The assessment, authorizing the government to collect, is equivalent to the final judgment that a general creditor must obtain to collect a debt.
The IRS makes assessments in a variety of ways and times depending on what prompts it. The Service makes summary or automatic assessments of tax when a taxpayer files a return showing a tax liability, or submits payment.I.R.C. §§ 6201(a)(1), 6213(b)(4). The taxpayer consents to the Service assessment of the amount shown on his return through his submission thereof. If there is a balance due after the making of an assessment, the Service will mail a notice to that effect. The Service also makes a summary assessment when it records most penalties, especially those calculated from the information voluntarily supplied on the tax return. I.R.C. § 6665. For example, if a taxpayer files a return two months late reflecting a balance due of $10,000 tax, the Service, without examining the return, can and will automatically assess the $10,000 and a late filing penalty, and send the taxpayer a notice requesting payment.

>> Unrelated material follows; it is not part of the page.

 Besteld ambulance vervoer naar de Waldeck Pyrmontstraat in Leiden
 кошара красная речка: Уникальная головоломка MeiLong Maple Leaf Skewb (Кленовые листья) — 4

This too will generate a balance due notice.
Deficiency assessments arise only after a lengthy process of administrative and judicial determination of a taxpayer’s correct liability that begins with the Service examining a tax return (or filing one on behalf of a delinquent taxpayer) and ends with a settlement between the parties or a decision of the court. I.R.C. § 6211 et seq. The process is marked by notices called 30-day letters or a 90-day Notice of Deficiency. As deficiencies are not self-determined, as the tax on a return is, the government may not assess, and therefore may not begin to collect, the amount asserted by the government until the matter is finalized.
In rare cases, the Service can also make termination or jeopardy assessments of any tax due if the government believes collection of the tax is in jeopardy (e.g., government believes the taxpayer is planning to flee the country).I.R.C. §§ 6851, 6861. When the government believes a jeopardy situation exists, Congress has given special permission for the Service to discard the normal pre-assessment and pre-collection procedural safeguards. Instead, the government may assess and collect tax in an expedited manner, and the taxpayer can only challenge the determination of the existence of a jeopardy situation (see I.R.C. § 7429) and of the underlying tax liability afterwards. I.R.C.§§ 6851(b), 6861(b).
Termination and jeopardy assessment rarely occur because the facts necessary to override the normal procedural safeguards prior to assessment are not normally present.